**TASK TO COMPLETE**: The result should be an exact copy of only the lines from the one with "a view of an empty walk in closet" through the last line of the data below, with pictures omitted.

**DATASET EXCERPT**:
# # # # # # #
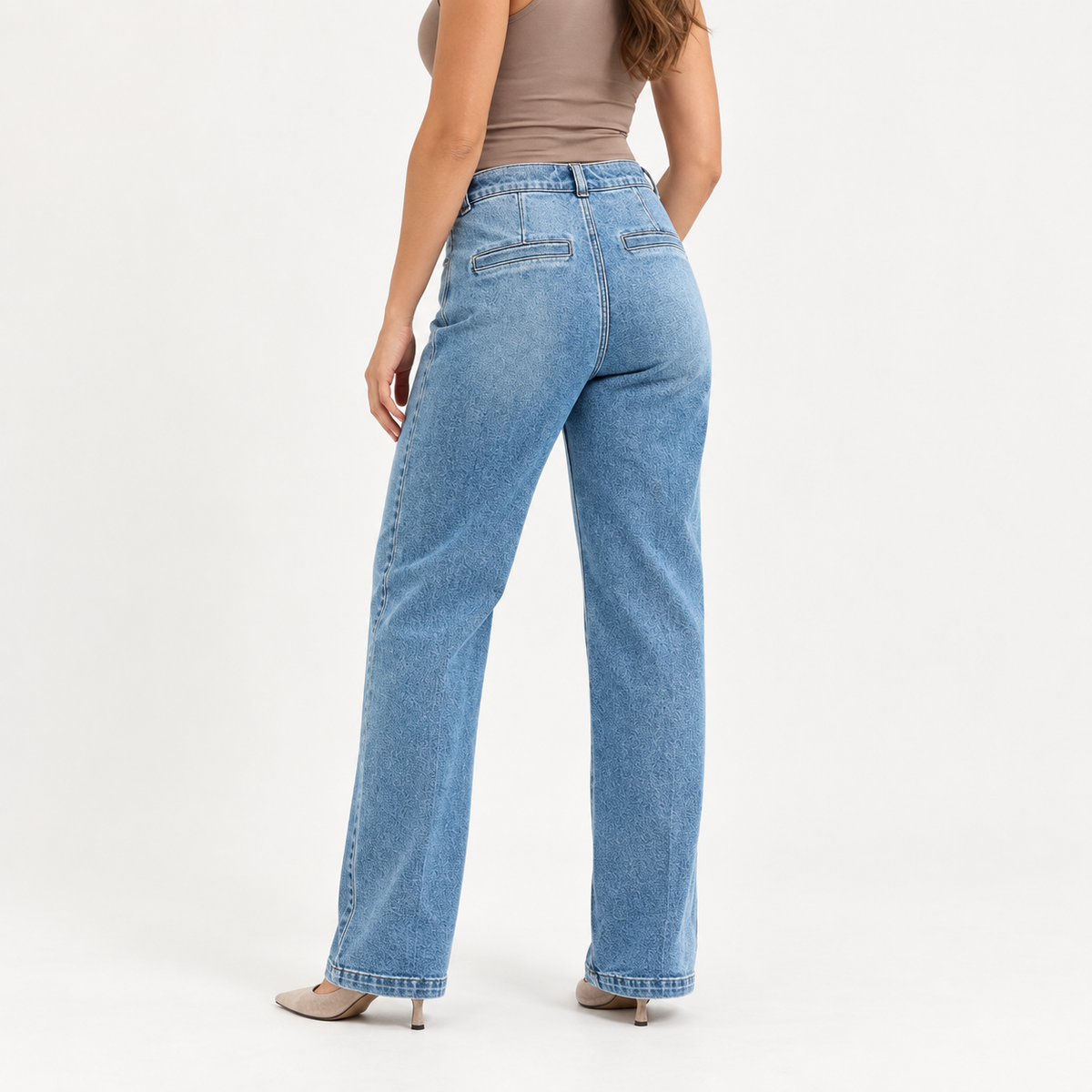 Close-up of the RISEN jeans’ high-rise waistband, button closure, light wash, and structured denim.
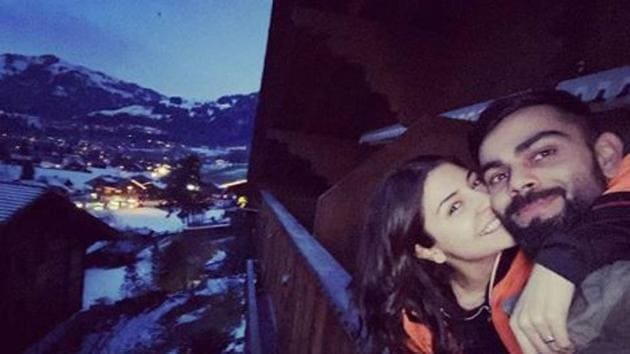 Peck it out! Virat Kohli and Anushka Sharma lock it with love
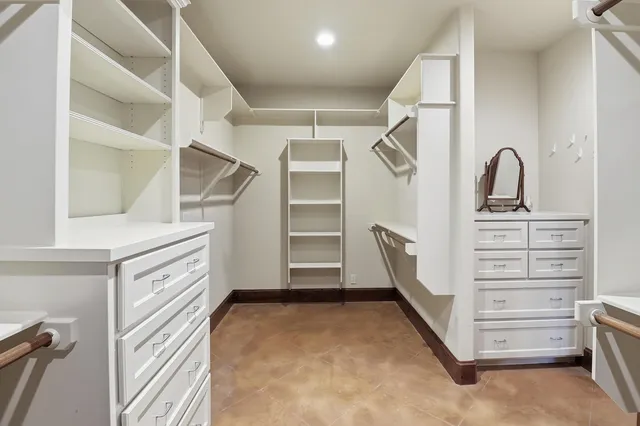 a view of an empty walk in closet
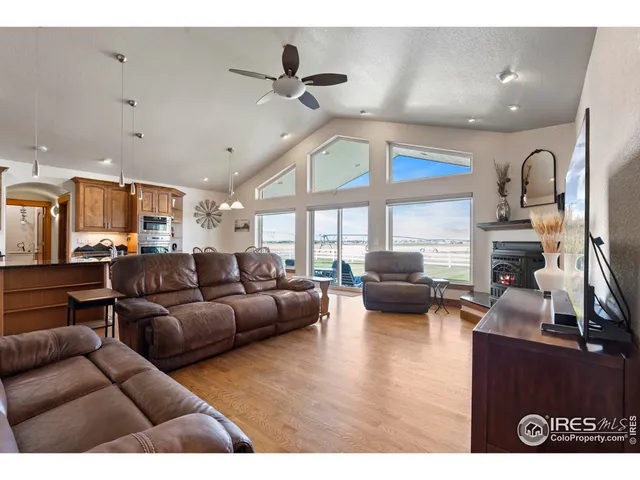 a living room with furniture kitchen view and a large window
# # # # # # #
**SOLUTION TO THIS EXERCISE**:
 a view of an empty walk in closet
 a living room with furniture kitchen view and a large window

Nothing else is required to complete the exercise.